Beading Exhibition Event
Hands-on beading activities invited attendees to experience the creativity of beading and cultural humility as it relates to Indigenous traditions of learning and social interactions.
Apply for Awards
Indigenous EcoWell will award up to $1,000 to UW–Madison students, faculty, staff, departments and organizations for event co-sponsorship, honoraria for Indigenous community members, and/or conference fees.
Applications are accepted on a rolling basis. Please submit your application at least one month prior to your event.
What we do
- Strengthens relationships with Wisconsin First Nations, First Nations across the United States, and global Indigenous communities through collaborations that focus on the well-being of children, youth, families, and communities;
- Supports learning opportunities for Indigenous students both on and off campus;
- Developed a new course: CSCS/AIS 330: American Indian Communities: Sovereignty, Struggles, and Successes, first offered in Fall 2021
- Fosters relationships with the Division of Extension and other UW—Madison schools/divisions, as well as other UW campuses to promote and enhance Indigenous scholars, students, and First Nations communities in regard to research and scholarship activities across campus; and
- Engages in research that is centered around Indigenous research paradigms and approaches that reflect the needs and aspirations of First Nations communities.

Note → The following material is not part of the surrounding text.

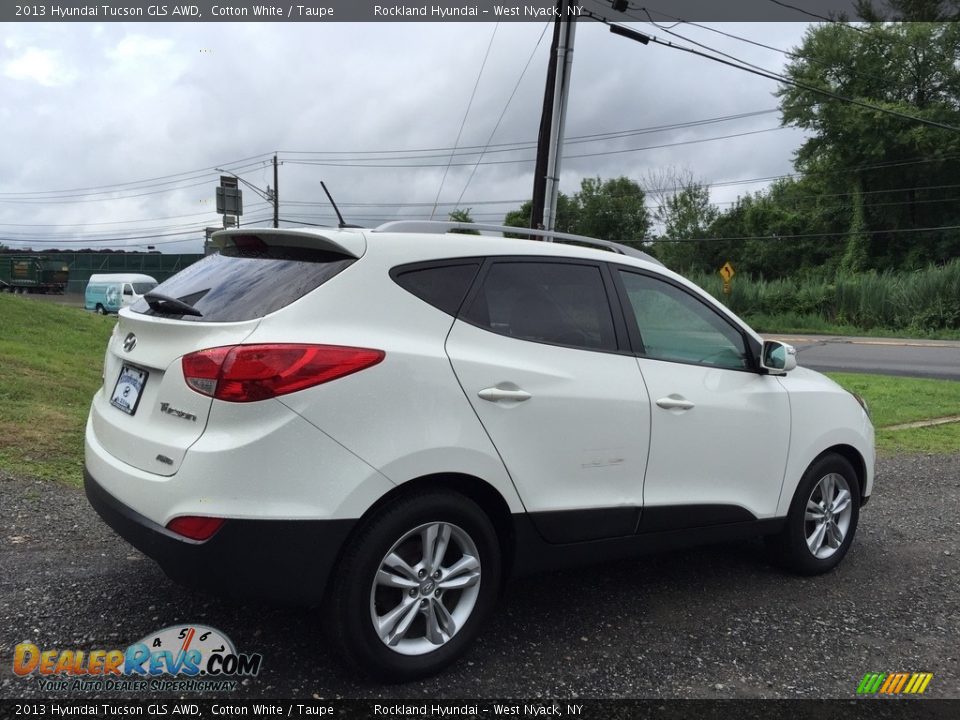 2013 Hyundai Tucson GLS AWD Cotton White / Taupe Photo #4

For more information, contact Dr. Carolee Dodge Francis, the Indigenous EcoWell Team Leader.
Indigenous EcoWell Team
Carolee Dodge FrancisEcology of Human Well-Being Professor; Department Chair
Kasey KeelerAssistant Professor: Civil Society & Community Studies; American Indian Studies
Brian D. McInnesLeola R. Culver Professor in Nonprofits and Philanthropy; Associate Professor
About the artwork
Beadwork is an influential practice shared among numerous tribal sovereign nations in the United States. This beaded medallion symbolizes the stringing together of ideas, stacking elements for strength, and uniting forces of nature in an ongoing process of weaving the community. The floral depiction represents the student’s journey as they flourish in Indigenous traditional ecological knowledge and as the morning stars illuminate their path to fulfillment.
About the artist
Sadie Red Wing is a Lakota graphic designer and advocate from the Spirit Lake Dakota Nation of Fort Totten, North Dakota. Red Wing earned her BFA in New Media Arts and Interactive Design at the Institute of American Indian Arts. She received her Master of Graphic Design from North Carolina State University. Her research on cultural revitalization through design tools and strategies created a new demand for tribal competence in graphic design research. Red Wing urges Native American graphic designers to express visual sovereignty in their design work, and she encourages those in the academic community to include Indigenous perspectives in design curricula. Currently, Red Wing serves as a Student Success Coach for American Indian College Fund (Denver, CO) where she specializes in student retention and resource-building for the Native American demographic in higher education spaces.